Massachusetts — The Bay State does not manage white catfish populations. In the future, though, their increasing popularity with anglers may require regulations. Top fisheries include the Connecticut, Merrimack, and Charles rivers, as well as several lakes and ponds in the eastern part of the state.
Nevada — The popularity of white and channel catfish is increasing as more anglers discover this overlooked resource. Records from the state's Trophy Fish Program indicate that Carson and Humboldt rivers and the Indian lakes are consistent producers of big white cats.
New Jersey — White catfish are present in most rivers and streams, except those in the outer coastal plain where the water is too acidic and poorly buffered. They are most abundant in the Delaware River and its major tributaries. Lakes Hopatcong, Musconetcong, Greenwood, and Budd offer the best shot at a trophy white.

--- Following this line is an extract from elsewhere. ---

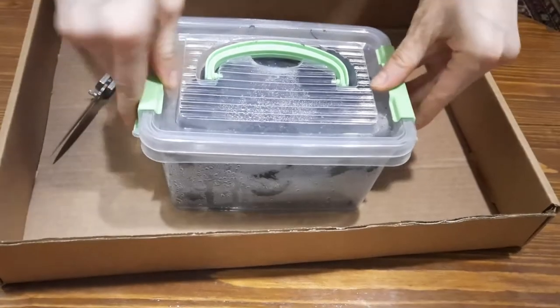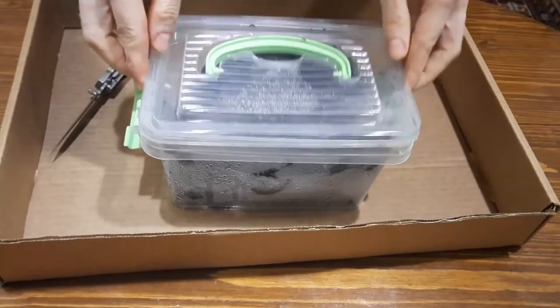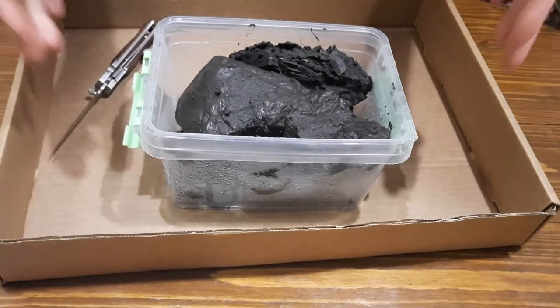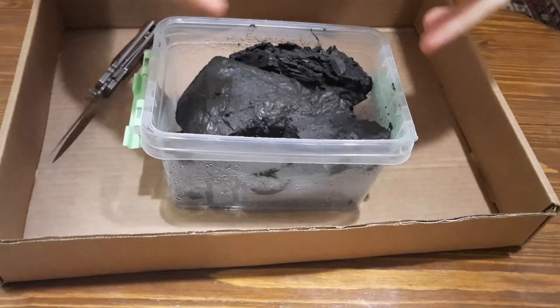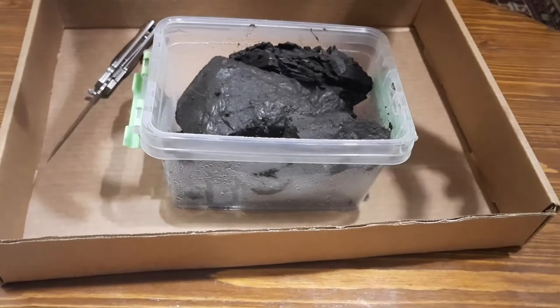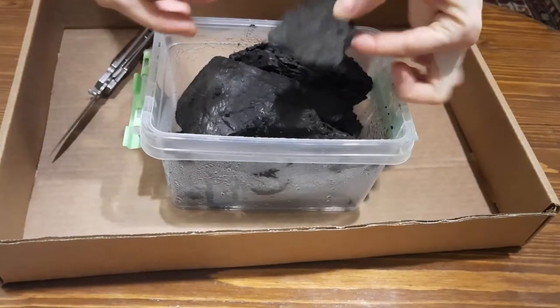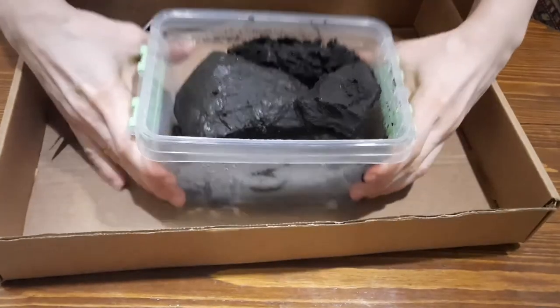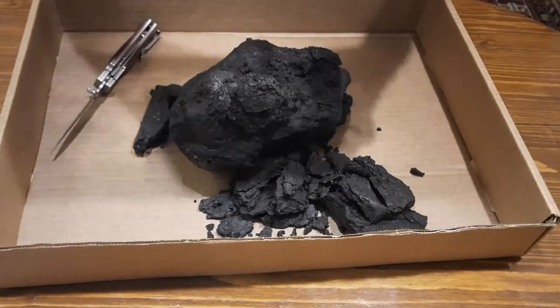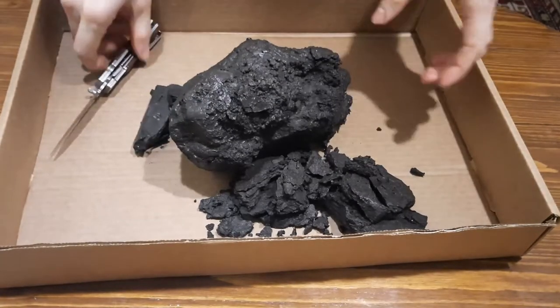Вот глина, которую мы привезли из Маркова — мы её открываем. Нам нужно, чтобы она подсохла и из неё ушла лишняя жидкость, которая в породе сейчас сохранилась. Я думаю, что её порезать или поломать будет легче не тогда, когда она будет уже сухой, потому что глина очень плотная, а именно сейчас, пока она ещё во влажном состоянии.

New York — White cats are native to New York, and underfished populations exist in the Mohawk and Hudson river drainages. Cats in the 2- to 3-pound range are common, and fish approaching the 9-pound 12-ounce state record are occasionally caught. Commercial fishing is allowed on the Hudson River, but contaminant levels in catfish are currently too high to permit harvest.
North Carolina — There are no size or creel limits on catfish in North Carolina, and little information is available on white cat distribution. The French Broad River on the Tennessee River drainage and a number of lakes and ponds across the state support healthy white cat populations.
Pennsylvania — The Pennsylvania Fish Commission has found white cats easy to raise in hatchery ponds, but difficult to establish in many impoundments. Top fisheries include pools on the Susquehanna River, the Delaware River, Greenlane Reservoir, and Lake Ontelaunee.
South Carolina — White cats, distributed throughout the state, remain an untapped angling resource. Biologists have noted a sharp decline in white cat numbers when blue or flathead catfish are stocked in the same river system, but they continue to exist. Any of the upstate reservoirs are good for numbers of white cats, though none is considered a trophy fishery.
Virginia — The Rappahannock, James, Chickahominy, and other tidal rivers contain good white catfish populations, though most whites are caught by anglers pursuing blue and channel cats. White catfish are also native to the Suffolk lakes on the southeastern coastal plain.
West Virginia — No records of white catfish catches are maintained, though the species is native to the Potomac River.